[[ Data to use, beginning ]]

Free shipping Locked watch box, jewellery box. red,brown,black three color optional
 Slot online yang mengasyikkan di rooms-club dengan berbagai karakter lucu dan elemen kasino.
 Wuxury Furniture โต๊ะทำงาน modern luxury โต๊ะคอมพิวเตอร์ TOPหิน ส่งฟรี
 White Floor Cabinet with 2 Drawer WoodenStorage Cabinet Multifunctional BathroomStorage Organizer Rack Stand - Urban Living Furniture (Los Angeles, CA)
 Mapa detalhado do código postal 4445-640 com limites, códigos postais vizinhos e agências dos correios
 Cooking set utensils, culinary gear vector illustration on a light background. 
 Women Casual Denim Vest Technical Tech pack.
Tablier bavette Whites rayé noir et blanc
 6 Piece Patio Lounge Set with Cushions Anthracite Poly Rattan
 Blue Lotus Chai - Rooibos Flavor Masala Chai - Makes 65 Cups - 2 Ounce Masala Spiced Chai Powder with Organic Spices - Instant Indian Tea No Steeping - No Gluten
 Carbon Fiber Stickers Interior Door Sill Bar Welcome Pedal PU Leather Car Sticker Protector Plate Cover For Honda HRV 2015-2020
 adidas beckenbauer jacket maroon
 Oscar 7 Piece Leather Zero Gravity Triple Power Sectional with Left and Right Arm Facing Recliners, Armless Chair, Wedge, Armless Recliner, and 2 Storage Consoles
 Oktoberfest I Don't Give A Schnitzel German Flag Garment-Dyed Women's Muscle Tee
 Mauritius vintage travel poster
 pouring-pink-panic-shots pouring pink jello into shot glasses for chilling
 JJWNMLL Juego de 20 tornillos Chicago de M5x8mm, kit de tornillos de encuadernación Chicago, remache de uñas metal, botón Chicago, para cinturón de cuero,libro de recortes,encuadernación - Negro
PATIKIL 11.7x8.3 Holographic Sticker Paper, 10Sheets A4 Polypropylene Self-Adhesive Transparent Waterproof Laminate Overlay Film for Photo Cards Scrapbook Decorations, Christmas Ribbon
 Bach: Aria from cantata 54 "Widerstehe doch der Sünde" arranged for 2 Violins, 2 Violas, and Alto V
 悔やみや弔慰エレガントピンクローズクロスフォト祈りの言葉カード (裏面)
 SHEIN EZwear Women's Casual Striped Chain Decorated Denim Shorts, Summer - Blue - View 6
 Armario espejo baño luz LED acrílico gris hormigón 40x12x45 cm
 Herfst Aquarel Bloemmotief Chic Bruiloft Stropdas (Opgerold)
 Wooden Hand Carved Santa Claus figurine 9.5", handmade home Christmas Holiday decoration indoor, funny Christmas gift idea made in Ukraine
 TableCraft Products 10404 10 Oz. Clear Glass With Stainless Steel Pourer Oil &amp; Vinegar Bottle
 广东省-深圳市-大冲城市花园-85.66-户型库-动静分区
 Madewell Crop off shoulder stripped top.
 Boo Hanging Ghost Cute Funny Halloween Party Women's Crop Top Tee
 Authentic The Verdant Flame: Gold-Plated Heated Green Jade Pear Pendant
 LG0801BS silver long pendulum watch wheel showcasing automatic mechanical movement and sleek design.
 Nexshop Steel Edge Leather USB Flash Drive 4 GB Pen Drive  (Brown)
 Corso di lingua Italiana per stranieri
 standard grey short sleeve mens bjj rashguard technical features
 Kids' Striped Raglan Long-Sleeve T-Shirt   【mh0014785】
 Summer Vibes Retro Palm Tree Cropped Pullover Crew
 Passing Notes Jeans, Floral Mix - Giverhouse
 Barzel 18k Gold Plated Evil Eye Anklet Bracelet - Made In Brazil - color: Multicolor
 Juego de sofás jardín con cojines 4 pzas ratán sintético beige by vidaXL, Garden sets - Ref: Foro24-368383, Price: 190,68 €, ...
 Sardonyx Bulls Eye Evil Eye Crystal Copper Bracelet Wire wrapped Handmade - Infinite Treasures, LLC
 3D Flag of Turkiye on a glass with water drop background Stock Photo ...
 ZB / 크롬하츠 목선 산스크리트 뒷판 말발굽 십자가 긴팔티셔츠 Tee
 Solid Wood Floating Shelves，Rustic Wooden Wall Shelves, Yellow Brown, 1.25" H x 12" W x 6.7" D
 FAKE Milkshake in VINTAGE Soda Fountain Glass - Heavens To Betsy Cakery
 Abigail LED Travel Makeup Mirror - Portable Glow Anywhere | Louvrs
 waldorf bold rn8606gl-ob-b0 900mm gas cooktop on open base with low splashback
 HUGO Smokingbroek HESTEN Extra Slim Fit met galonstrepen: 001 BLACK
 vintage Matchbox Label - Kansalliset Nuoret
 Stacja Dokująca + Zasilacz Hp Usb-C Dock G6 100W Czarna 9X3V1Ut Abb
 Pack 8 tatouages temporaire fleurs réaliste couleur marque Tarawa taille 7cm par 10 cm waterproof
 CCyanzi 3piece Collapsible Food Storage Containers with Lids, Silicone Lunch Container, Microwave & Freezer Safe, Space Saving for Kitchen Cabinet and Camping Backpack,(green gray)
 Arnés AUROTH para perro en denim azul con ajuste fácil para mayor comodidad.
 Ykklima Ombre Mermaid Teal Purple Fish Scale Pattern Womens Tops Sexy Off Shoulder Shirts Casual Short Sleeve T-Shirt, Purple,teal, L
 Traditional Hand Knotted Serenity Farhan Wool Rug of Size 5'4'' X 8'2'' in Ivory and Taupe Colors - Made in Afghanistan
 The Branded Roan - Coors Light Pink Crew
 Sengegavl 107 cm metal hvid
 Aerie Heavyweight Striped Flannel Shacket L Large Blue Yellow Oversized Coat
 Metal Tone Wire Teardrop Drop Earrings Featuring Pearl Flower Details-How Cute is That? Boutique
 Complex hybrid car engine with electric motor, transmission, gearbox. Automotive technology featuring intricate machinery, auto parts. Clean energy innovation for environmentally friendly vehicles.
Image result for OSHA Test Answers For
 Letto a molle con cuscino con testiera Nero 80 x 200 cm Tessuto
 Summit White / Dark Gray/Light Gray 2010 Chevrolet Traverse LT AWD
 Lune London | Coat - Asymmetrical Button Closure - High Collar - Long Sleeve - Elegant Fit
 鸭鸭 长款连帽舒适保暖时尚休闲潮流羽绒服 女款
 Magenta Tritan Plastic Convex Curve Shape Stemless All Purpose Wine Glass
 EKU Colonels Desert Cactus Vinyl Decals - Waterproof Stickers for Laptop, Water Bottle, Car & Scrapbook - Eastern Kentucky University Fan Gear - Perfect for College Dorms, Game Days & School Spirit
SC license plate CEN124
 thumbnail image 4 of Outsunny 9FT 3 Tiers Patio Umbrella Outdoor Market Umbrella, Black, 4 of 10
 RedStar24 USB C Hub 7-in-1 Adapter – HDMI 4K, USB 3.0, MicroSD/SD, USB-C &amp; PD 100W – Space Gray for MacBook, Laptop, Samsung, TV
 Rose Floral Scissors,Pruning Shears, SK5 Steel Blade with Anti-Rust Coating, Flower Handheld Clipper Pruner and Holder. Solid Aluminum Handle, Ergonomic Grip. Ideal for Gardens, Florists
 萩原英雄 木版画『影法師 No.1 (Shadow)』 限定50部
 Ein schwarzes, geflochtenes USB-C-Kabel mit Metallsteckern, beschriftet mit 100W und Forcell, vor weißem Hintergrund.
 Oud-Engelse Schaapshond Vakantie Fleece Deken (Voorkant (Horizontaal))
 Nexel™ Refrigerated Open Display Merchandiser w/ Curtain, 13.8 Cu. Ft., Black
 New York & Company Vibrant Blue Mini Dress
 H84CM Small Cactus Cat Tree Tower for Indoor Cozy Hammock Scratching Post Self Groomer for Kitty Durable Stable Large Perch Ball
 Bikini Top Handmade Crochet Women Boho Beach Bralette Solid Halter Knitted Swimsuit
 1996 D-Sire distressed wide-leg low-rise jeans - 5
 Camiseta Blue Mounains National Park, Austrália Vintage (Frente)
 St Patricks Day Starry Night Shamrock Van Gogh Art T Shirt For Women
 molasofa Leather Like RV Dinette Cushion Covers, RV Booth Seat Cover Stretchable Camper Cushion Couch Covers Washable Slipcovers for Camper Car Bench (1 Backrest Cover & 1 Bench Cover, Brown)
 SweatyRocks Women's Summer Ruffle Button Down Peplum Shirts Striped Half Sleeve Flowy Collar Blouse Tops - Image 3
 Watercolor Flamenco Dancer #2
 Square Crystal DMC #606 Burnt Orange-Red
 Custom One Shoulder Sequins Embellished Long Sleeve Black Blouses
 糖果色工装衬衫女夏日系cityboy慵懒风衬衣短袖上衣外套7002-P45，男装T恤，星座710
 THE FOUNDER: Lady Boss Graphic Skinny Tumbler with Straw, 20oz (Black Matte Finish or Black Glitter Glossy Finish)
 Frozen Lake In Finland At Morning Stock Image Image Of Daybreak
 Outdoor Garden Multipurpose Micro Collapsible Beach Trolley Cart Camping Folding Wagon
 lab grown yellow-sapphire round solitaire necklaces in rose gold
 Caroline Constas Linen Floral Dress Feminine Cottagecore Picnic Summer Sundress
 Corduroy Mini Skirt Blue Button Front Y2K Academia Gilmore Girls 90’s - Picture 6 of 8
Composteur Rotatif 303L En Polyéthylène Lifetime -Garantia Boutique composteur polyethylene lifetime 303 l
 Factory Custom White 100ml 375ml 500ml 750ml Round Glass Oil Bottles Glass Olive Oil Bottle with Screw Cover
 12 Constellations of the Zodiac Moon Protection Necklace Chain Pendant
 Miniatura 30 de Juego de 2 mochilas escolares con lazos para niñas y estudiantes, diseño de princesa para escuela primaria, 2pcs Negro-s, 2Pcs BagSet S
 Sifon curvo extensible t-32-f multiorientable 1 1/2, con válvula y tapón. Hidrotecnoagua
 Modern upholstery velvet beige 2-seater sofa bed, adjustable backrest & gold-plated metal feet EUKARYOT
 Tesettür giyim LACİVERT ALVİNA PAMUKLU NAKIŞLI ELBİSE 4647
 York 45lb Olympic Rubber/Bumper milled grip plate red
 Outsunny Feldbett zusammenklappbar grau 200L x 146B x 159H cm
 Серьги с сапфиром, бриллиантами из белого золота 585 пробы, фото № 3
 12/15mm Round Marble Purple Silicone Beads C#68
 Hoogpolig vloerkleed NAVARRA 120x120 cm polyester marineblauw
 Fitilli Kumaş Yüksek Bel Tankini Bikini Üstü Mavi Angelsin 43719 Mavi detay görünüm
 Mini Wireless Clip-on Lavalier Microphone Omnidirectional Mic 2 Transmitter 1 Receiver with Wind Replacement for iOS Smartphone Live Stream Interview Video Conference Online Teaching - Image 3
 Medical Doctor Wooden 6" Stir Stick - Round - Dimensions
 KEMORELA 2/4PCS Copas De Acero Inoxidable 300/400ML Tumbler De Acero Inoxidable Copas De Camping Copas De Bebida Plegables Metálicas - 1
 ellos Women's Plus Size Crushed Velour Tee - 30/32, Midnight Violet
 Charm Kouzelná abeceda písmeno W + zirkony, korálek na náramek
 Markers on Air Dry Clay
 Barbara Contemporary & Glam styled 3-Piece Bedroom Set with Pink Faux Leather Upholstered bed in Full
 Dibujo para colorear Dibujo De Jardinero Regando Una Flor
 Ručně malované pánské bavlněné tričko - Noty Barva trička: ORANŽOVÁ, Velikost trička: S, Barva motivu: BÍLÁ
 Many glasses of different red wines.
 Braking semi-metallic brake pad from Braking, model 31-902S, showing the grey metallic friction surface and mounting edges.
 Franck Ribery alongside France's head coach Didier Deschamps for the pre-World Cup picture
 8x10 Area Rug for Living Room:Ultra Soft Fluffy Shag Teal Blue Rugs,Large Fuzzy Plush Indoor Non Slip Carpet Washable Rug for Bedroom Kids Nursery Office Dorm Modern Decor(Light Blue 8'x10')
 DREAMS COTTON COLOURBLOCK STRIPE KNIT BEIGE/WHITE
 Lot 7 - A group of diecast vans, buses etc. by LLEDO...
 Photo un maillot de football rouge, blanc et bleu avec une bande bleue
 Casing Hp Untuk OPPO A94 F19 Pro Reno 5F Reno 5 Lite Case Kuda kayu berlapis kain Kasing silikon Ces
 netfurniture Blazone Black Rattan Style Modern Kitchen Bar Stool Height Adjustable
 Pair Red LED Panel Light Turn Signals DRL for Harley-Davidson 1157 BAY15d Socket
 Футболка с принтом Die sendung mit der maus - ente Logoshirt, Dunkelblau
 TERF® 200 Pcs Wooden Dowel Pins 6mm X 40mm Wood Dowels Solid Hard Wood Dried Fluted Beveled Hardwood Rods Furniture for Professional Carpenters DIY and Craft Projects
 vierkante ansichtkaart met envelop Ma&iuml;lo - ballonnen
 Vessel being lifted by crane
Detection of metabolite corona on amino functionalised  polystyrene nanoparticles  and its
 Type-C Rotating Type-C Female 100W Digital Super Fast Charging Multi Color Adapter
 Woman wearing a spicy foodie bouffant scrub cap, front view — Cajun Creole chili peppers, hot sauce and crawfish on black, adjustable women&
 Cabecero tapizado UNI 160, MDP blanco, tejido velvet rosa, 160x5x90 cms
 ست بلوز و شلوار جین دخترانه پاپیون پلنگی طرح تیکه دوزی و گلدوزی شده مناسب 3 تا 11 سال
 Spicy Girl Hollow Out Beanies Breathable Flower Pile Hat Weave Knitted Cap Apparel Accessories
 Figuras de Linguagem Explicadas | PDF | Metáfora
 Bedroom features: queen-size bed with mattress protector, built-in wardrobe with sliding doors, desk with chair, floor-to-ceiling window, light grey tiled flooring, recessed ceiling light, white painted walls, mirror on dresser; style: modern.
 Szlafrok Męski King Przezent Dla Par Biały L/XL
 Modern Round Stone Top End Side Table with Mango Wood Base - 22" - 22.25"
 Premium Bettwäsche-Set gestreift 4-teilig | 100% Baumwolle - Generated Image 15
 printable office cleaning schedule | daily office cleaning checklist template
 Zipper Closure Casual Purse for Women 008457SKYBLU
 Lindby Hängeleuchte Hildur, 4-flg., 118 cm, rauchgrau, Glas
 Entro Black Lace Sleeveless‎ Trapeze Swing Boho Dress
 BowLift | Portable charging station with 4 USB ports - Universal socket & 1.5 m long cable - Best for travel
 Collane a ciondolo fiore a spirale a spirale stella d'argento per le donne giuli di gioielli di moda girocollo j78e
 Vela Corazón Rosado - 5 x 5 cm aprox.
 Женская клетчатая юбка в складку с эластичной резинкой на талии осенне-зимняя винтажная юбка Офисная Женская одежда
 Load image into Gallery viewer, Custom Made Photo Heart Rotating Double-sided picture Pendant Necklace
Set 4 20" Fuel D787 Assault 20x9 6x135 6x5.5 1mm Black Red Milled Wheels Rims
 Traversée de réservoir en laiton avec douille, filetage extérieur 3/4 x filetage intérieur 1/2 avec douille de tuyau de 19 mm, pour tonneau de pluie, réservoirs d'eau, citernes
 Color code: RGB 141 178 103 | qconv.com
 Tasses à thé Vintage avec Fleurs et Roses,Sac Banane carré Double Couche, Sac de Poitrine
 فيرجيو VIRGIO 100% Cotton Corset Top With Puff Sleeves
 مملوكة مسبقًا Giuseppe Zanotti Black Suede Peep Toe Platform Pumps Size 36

[[ Data to use, end ]]

Work task |
What you give back must be the stretch above, starting at the line with "St Patricks Day" and ending at the line with "Caroline Constas Linen", copied exactly.

Answer to this problem |
 St Patricks Day Starry Night Shamrock Van Gogh Art T Shirt For Women
 molasofa Leather Like RV Dinette Cushion Covers, RV Booth Seat Cover Stretchable Camper Cushion Couch Covers Washable Slipcovers for Camper Car Bench (1 Backrest Cover & 1 Bench Cover, Brown)
 SweatyRocks Women's Summer Ruffle Button Down Peplum Shirts Striped Half Sleeve Flowy Collar Blouse Tops - Image 3
 Watercolor Flamenco Dancer #2
 Square Crystal DMC #606 Burnt Orange-Red
 Custom One Shoulder Sequins Embellished Long Sleeve Black Blouses
 糖果色工装衬衫女夏日系cityboy慵懒风衬衣短袖上衣外套7002-P45，男装T恤，星座710
 THE FOUNDER: Lady Boss Graphic Skinny Tumbler with Straw, 20oz (Black Matte Finish or Black Glitter Glossy Finish)
 Frozen Lake In Finland At Morning Stock Image Image Of Daybreak
 Outdoor Garden Multipurpose Micro Collapsible Beach Trolley Cart Camping Folding Wagon
 lab grown yellow-sapphire round solitaire necklaces in rose gold
 Caroline Constas Linen Floral Dress Feminine Cottagecore Picnic Summer Sundress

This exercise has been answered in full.